▸ **What you will do**:
Your answer should be one number: how many lines of the data include the string "City"?

[Provided information — start]

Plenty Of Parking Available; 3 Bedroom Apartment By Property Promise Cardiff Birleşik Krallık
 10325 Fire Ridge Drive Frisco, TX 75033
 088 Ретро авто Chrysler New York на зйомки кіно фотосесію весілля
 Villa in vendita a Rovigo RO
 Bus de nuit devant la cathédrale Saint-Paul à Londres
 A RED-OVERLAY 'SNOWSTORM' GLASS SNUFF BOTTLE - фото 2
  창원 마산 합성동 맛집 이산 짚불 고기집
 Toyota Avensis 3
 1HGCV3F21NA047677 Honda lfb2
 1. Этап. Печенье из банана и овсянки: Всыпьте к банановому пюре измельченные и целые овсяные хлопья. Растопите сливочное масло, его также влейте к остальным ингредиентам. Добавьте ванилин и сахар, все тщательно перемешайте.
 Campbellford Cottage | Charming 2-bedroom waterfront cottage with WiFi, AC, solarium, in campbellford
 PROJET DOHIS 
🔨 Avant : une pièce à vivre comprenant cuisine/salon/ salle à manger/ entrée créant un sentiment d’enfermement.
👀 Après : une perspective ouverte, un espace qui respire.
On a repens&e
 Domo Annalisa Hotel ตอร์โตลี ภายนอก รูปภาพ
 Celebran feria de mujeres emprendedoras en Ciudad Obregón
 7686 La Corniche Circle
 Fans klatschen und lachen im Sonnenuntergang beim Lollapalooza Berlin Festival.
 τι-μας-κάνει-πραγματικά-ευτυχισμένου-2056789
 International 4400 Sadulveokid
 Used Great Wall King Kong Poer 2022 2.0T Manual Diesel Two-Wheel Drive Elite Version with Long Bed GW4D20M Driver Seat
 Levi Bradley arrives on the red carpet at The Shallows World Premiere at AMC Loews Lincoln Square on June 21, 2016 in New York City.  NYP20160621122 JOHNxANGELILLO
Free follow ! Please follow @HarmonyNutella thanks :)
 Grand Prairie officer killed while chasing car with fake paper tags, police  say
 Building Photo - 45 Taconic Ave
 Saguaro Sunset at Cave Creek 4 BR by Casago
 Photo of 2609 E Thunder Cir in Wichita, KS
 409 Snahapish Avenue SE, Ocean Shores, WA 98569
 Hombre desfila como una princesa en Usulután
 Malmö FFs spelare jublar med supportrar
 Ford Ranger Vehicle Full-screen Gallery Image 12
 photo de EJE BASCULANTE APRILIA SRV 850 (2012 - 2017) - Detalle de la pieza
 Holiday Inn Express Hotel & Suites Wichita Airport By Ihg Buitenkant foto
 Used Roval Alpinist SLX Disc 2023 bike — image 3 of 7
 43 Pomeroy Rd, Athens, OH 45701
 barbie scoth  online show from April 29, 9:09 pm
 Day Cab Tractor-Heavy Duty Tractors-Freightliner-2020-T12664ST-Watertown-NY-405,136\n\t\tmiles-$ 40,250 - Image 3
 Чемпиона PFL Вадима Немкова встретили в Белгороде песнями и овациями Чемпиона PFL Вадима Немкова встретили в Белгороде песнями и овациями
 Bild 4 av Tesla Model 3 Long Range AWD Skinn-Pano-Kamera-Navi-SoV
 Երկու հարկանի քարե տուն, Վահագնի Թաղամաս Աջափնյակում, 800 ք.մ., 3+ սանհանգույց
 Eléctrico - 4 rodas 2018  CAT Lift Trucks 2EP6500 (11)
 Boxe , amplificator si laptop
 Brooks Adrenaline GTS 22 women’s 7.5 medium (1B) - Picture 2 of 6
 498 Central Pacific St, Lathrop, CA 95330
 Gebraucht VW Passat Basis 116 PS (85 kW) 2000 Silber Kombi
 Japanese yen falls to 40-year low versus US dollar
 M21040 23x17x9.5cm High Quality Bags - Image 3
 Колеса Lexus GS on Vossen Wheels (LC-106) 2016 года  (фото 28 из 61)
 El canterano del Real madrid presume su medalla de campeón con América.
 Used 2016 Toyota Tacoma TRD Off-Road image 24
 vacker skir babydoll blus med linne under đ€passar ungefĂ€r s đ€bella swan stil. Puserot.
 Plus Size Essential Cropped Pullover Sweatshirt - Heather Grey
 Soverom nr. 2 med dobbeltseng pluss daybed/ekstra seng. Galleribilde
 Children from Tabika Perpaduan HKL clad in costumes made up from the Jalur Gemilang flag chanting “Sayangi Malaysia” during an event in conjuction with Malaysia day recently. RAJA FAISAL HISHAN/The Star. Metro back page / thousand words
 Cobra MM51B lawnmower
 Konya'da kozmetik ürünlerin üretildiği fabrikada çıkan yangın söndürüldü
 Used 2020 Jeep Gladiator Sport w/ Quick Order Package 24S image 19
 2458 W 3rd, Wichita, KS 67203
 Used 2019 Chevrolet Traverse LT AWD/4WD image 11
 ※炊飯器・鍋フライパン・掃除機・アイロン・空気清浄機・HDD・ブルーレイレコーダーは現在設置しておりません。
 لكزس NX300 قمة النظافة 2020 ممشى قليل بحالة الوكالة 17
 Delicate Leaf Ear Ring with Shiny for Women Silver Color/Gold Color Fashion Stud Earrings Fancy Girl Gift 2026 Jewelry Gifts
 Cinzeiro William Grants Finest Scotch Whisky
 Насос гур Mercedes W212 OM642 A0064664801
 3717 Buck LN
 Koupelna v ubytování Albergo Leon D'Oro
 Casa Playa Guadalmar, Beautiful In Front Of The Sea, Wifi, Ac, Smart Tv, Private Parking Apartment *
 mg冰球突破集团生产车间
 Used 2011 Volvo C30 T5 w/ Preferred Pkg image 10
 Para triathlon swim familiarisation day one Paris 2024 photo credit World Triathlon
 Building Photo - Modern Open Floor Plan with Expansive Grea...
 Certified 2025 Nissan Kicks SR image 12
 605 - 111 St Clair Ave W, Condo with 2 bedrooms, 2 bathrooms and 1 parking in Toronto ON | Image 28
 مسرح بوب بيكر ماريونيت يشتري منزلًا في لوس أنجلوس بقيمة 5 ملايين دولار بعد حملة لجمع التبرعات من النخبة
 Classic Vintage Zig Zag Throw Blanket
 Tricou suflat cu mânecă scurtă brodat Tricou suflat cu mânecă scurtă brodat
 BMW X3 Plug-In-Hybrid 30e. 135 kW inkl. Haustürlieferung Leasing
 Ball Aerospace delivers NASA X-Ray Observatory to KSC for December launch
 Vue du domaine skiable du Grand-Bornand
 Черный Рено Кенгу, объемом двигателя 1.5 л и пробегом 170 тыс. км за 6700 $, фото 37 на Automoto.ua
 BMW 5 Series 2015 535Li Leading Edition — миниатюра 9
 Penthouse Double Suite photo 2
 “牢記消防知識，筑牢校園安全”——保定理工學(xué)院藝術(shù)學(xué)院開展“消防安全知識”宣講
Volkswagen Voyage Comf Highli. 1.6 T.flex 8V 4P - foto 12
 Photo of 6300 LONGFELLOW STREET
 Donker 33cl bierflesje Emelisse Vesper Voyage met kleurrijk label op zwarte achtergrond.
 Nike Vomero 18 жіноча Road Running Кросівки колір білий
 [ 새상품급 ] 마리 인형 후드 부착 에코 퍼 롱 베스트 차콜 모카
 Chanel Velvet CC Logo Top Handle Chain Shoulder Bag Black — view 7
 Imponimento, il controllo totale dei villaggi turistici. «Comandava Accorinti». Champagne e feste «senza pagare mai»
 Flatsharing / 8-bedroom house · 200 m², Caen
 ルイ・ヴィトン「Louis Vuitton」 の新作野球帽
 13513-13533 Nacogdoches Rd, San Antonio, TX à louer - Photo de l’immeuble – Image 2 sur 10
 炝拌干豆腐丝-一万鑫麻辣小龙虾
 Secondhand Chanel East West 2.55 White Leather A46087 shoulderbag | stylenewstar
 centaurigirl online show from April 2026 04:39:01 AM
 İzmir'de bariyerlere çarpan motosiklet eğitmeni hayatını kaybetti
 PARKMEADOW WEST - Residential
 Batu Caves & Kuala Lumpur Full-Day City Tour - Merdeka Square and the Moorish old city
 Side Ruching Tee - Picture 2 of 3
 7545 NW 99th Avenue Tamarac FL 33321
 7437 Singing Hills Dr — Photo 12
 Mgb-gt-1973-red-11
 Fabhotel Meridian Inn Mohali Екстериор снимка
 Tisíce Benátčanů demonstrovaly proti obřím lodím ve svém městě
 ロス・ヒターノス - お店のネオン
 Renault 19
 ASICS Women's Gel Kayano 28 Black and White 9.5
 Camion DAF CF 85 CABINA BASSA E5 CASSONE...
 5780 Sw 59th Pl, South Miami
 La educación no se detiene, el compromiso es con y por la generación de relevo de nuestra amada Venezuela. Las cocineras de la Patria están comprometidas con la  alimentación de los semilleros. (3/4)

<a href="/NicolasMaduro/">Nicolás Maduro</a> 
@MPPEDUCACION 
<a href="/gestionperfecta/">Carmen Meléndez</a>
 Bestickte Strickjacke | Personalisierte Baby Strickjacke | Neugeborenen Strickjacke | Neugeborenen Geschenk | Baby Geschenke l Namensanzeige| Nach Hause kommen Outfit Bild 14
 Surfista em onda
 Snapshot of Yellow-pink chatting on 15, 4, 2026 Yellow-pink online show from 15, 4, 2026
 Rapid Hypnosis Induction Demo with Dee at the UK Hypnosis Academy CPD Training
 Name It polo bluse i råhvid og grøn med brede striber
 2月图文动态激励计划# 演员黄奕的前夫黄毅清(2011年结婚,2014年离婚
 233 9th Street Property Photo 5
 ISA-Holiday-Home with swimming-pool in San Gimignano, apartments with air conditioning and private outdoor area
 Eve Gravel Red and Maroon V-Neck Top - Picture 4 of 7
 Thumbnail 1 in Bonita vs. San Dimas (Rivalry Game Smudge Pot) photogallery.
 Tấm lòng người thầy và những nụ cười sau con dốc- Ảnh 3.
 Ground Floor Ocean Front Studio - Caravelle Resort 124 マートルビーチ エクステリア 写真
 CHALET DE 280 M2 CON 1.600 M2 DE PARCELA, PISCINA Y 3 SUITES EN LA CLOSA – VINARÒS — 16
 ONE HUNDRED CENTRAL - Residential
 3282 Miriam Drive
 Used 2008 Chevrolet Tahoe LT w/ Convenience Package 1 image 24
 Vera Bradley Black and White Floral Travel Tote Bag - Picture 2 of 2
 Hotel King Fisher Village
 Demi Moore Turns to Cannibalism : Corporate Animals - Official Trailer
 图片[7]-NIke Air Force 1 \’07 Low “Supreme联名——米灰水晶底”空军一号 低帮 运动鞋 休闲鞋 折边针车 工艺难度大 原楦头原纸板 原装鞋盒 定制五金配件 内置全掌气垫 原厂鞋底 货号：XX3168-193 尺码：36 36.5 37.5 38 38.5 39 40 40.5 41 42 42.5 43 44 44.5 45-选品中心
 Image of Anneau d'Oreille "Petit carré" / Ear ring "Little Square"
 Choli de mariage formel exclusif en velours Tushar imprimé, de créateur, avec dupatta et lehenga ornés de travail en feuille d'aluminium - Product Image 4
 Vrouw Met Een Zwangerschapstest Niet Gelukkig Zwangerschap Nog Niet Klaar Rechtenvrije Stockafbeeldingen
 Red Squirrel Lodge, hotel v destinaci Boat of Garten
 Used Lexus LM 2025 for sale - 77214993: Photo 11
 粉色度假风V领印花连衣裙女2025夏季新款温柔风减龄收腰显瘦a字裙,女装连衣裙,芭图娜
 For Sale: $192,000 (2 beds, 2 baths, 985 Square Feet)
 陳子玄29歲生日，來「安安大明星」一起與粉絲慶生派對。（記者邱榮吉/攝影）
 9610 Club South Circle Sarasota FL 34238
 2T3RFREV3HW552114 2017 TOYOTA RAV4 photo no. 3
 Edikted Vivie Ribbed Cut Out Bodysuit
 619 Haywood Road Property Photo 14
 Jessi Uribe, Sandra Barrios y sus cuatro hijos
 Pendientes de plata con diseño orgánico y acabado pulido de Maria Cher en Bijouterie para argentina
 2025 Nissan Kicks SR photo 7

[Provided information — finish]

▸ **Answer to the exercise**:
2